**Supplied information:**
Segment Open
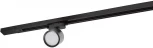 Трековый светильник Denkirs DK640 DK6401-BK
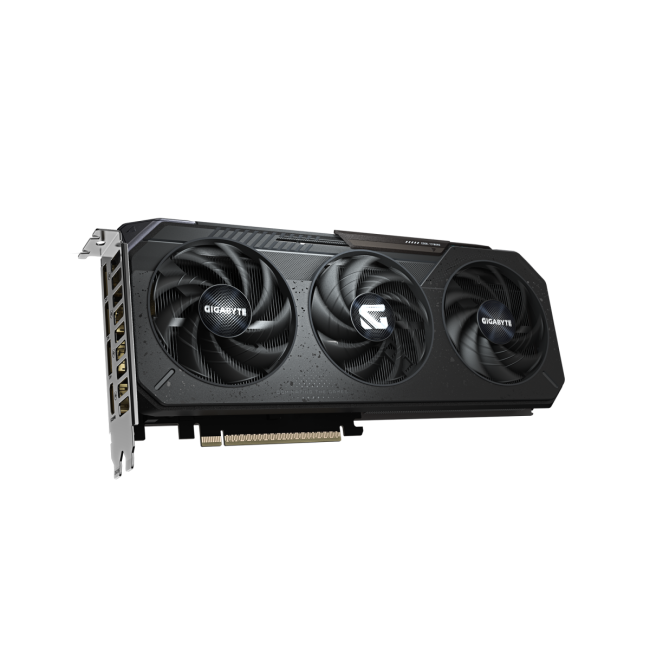 Видеокарта GIGABYTE GV-N5060GAMING OC-8GD Видеокарта GIGABYTE GV-N5060GAMING OC-8GD
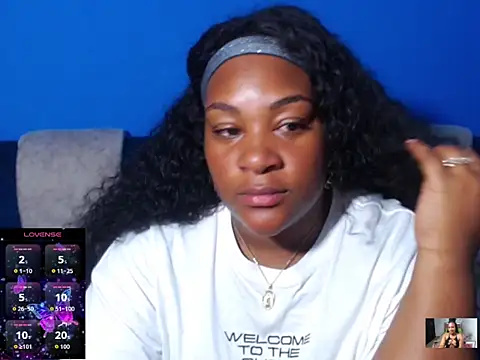 the pearl199 online show from February 22, 6:03 am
Segment Closed
Please transcribe the listing above verbatim and exclude every picture.

 Трековый светильник Denkirs DK640 DK6401-BK
 Видеокарта GIGABYTE GV-N5060GAMING OC-8GD Видеокарта GIGABYTE GV-N5060GAMING OC-8GD
 the pearl199 online show from February 22, 6:03 am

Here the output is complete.